Donovan, Granite Street resident Robert McLellan and Chris Hearn, a member of the Ashland Planning Commission, are seeking nonprofit status for the organization. They plan to meet in the next two weeks with a branch of the National Parks Service that facilitates public/private land ownership arrangements. The group hopes to secure grant money and private donations to create trails and open space surrounding the city.
Jacksonville's Woodlands Association, which has acquired land and established a six-mile trail system, has served as an inspiration to the Ashland group.
"Ironically, the city's plan to sell the property has given momentum to the group," said Donovan. "(The city has) purchased so much hillside land. It's great we've protected the view shed, but there's little open space."
McLellan and Donovan said the city might consider selling other property to finance the LID. They named an 840-acre site the city owns northeast of Interstate 5 that was purchased for the spraying of wastewater effluent. The city later dropped that plan.
Sale of the 2.5 acres will require City Council approval. A council study session on the Strawberry Lane LID is scheduled for July 18.
"(Any sale) will go through a public process. It was one idea," said Mayor Alan DeBoer. "There's park land across the street from it."
Both parcels were acquired in the late 1970s in a land swap linked to construction of a water tower in the area. Then-City Administrator Brian Almquist planned to sell the 2.5-acre parcel later, according to Jim Olson of the city's Public Works Department.

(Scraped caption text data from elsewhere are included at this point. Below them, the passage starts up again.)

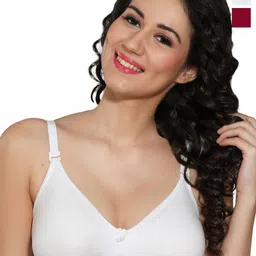 INGRID WomenCombo Non Padded Cotton Everyday Non Wired Tshirt Bra-image-40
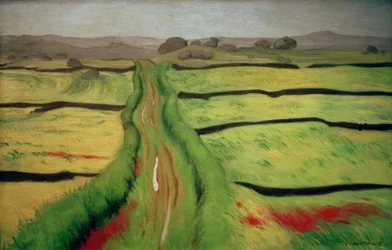 Chemin dans la lande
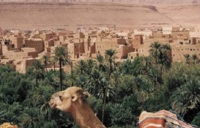 Zagora, ​Le troisième Forum international des oasis s&#039;attaque à l&#039;agriculture familiale, Mustapha Elouizi, Libération
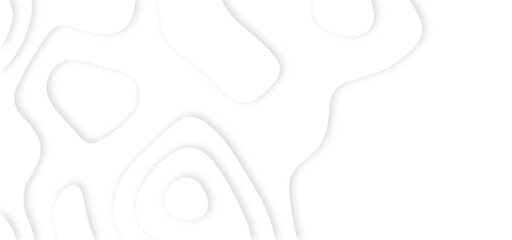 White abstract geometric pattern background, wave and curve abstract background. Abstract wavy line 3d paper cut white background.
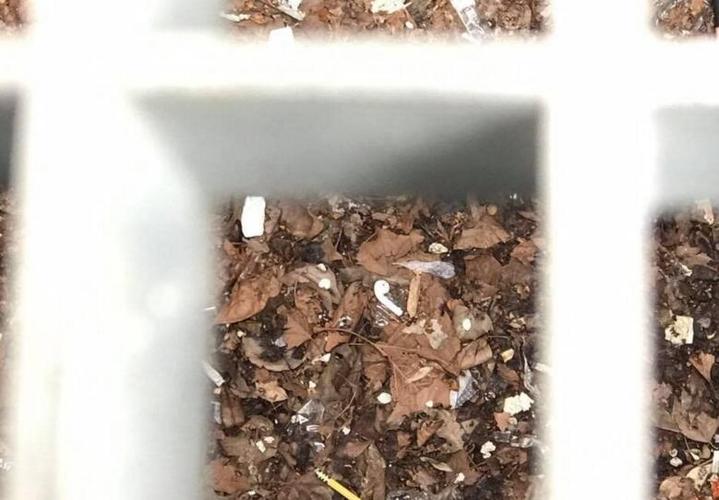 airpods耳机掉水里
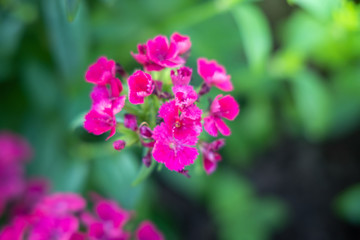 The background image of the colorful flowers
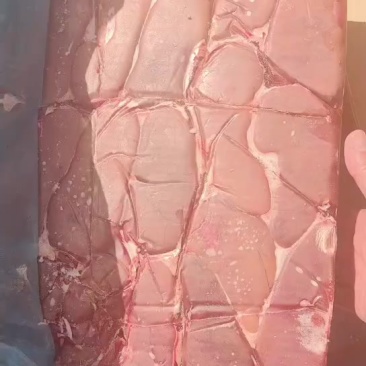 猪腰子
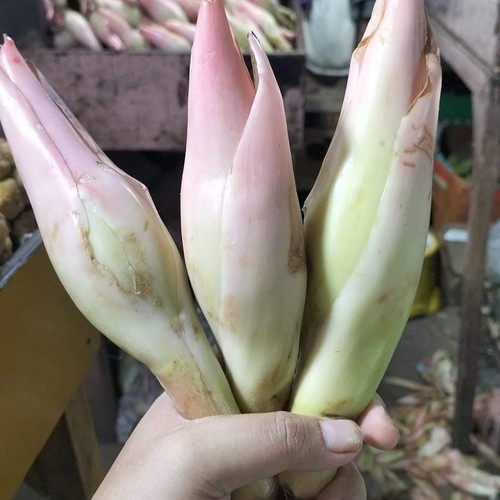 

Onje / Kecombrang / Comberang / Kincung / Bunga Rias Batak 200gr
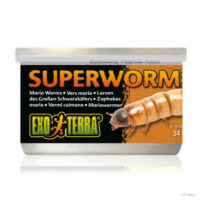 Hagen - Exo-Terra Superworms - speciális hüllőeledel (gyászbogárlárva) hüllők részére (34g)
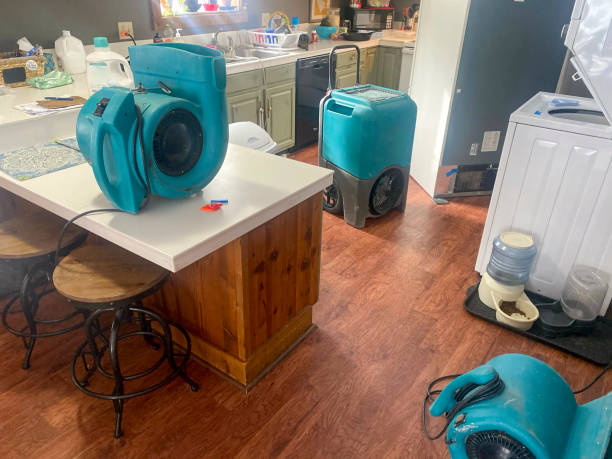Best Sewage cleanup and water damage restoration  in Anchor Point, AK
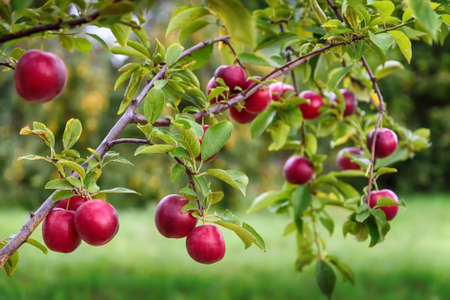 Ripe red plums Shater on the branchの写真素材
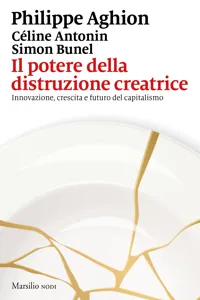 Il potere della distruzione creatrice_cover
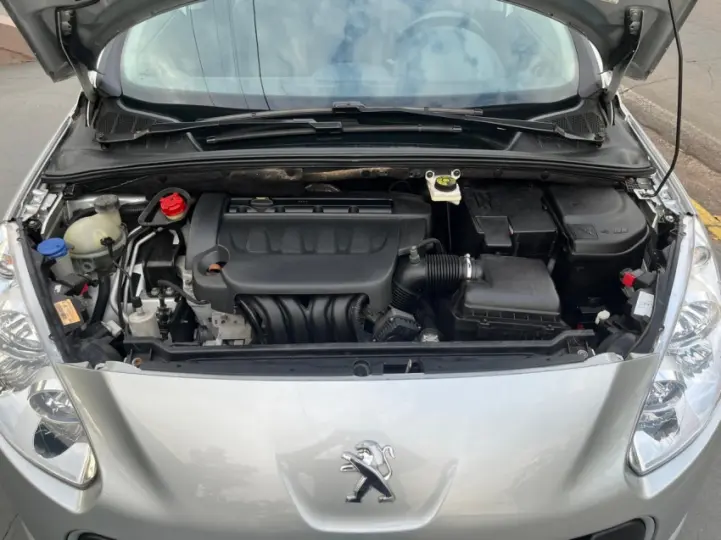 308 2.0 Feline 16V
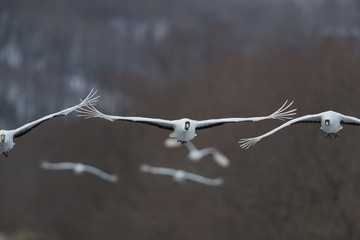 Kraniche fliegen im Morgengrauen auf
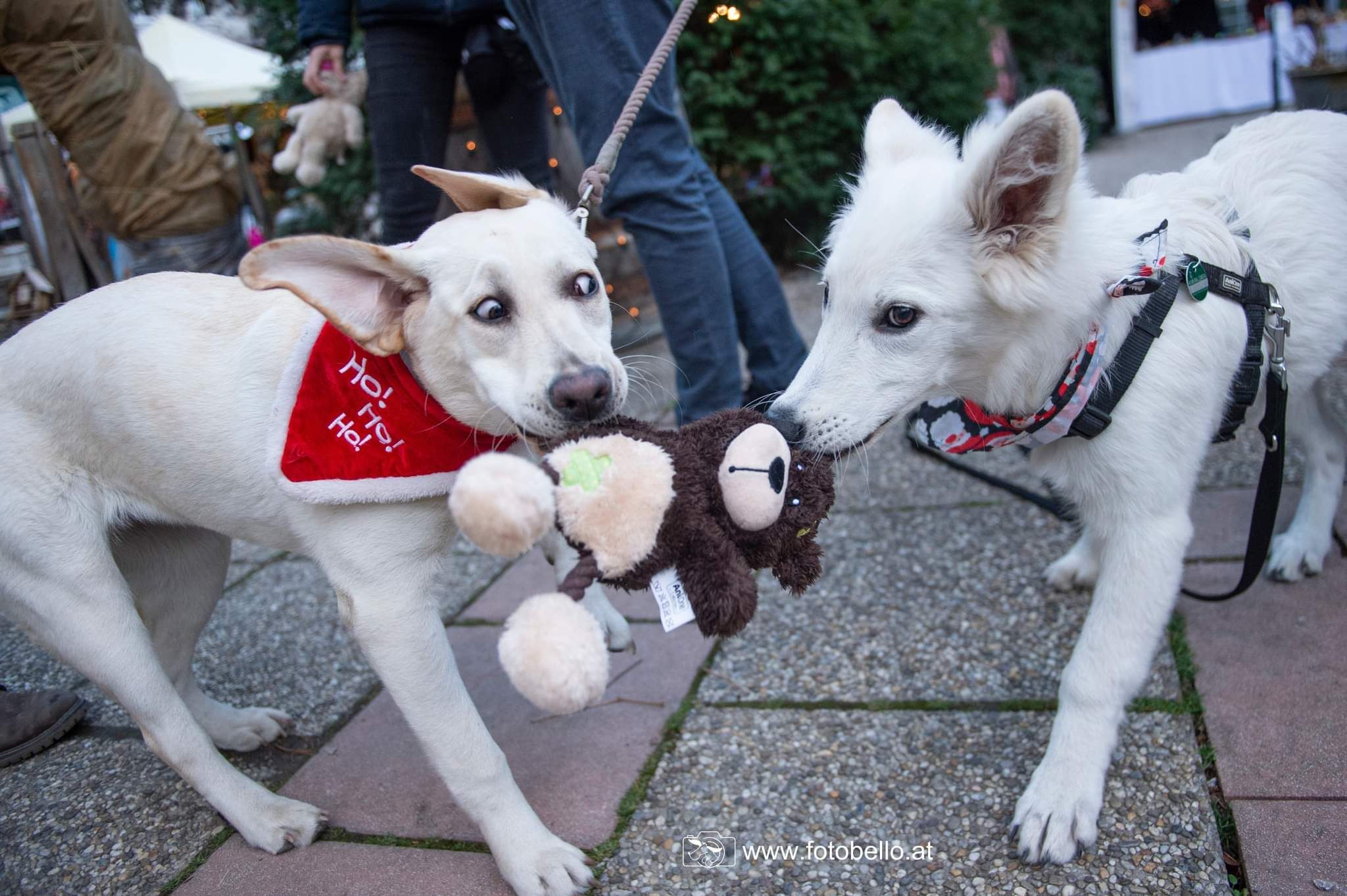 Auch heuer findet der Hundeweihnachtsmarkt im 23. Wiener Gemeindebezirk vom 25. bis 27. November statt.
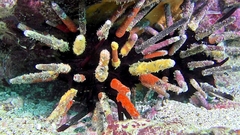 Eucidaris galapagensis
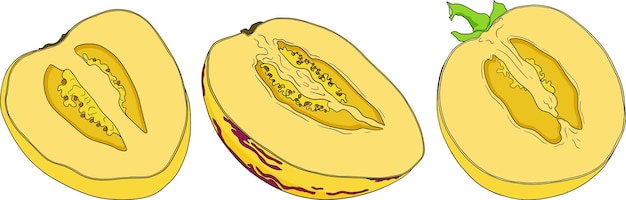 Fruta de pepino melón pera Solanum muricatum Ilustración de color dibujada a mano por el vector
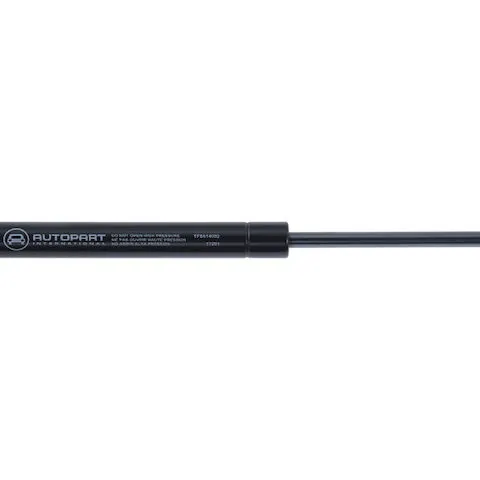 API Trunk Strut 28821-07972673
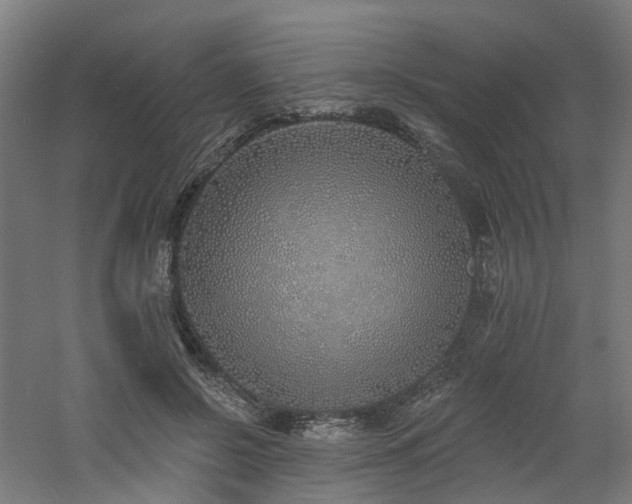 X0000060760550200511101143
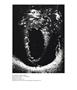 Page: - 77 | Aperture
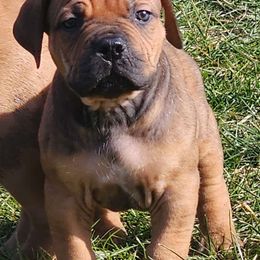 Boy 4 - Boerboel puppy in Naples, New York from Freedom Boerboels LLC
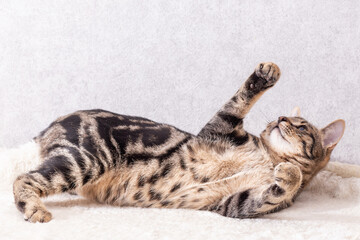 A gray striped kitten is lying on its back and reaching for the toy with its paws off-screen. Light gray background, close-up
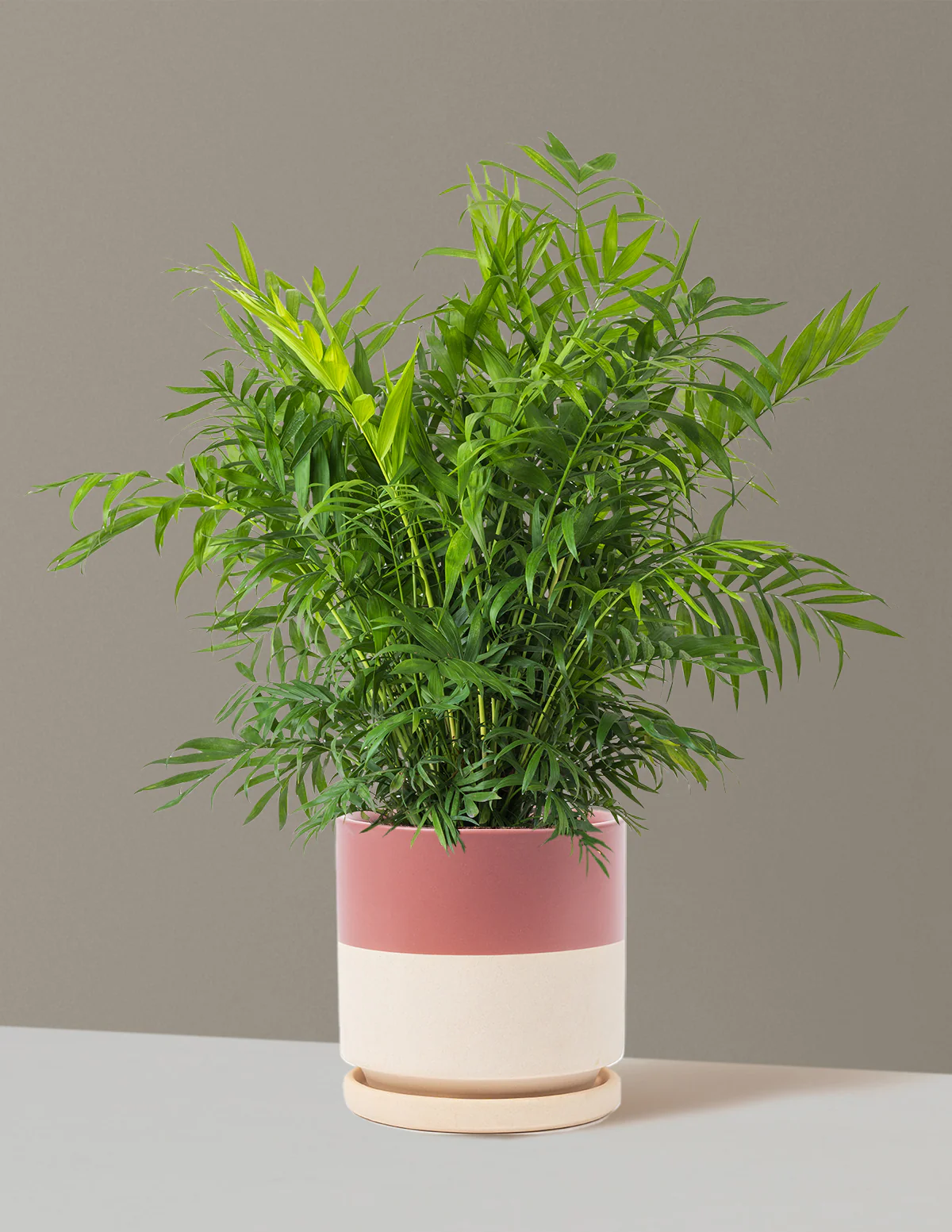 Parlor Palm - Image 69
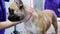 Hands of a female groomer combing the hair of a dog, breed French bulldog.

A LID in the area would allow development of 21 half-acre home sites in the plateau area. It would pave parts of Strawberry Lane, Alnutt Street, Scenic Drive and Westwood Street. Developers would pay $140,000 and residents in the area $202,000 toward the LID.
Figures presented to Ashland's budget committee this year showed a total of $692,000 available for the LID from system development charges, street and storm drain fees and Parks Department funds.
Parks and open space land has been acquired with money raised by the city's meal tax. But recent acquisitions, including the $650,000 purchase of land along Ashland Creek this month, leave little opportunity for purchases in the near future.